Van the Man – back on top!

 

Sunday’s Van Morrison show at the Wales Millennium Centre (aka opera house) was a deeply satisfying gig.

The setlist was pure gold, drawn largely from little-played minor Morrison masterpieces in the back catalogue - Veedon Fleece, Poetic Champions Compose and No Guru.

The performances were exquisite. Morrison’s vocals were expressive, daring, engaged. His voice remains in great shape. His playing – piano, alto sax, two rhythm guitars and harmonica – was a thing of beauty.

He commanded the stage with the kind of authority and charisma you only experience with great musicians.
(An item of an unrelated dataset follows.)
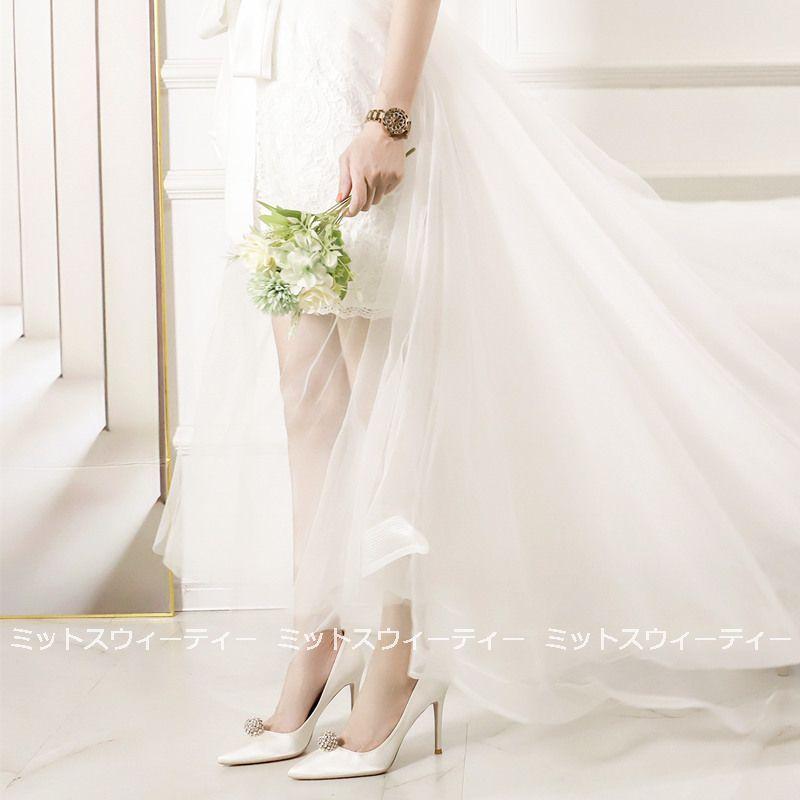 ウェディングシューズ ポインテッドトゥ靴 ウエディング パーティー ハイヒール ピンヒール 白 赤 シャンパン 結婚式 花嫁 ブライダルシューズ 海外挙式 上品 Sz16 ミットスウィーティー 通販 Yahoo ショッピング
The present band marks a return to the standards of his best ensembles. Jay Berliner is an exquisite guitarist, Richie Buckley the most complementary horn foil I’ve seen on a Morrison stage. The new (to me) kids on the block, notably Sara Jory on pedal steel, played beautifully all night long.

Van Morrison raised the bar of popular music performance art for much of his career. That’s why I went to over 60 Van shows in the late 1990s. But my last two outings – Larmer Tree 2003 and the Magic Time launch – featured such weak material that I got off that particular train to seek excellence elsewhere, regardless of musical genre.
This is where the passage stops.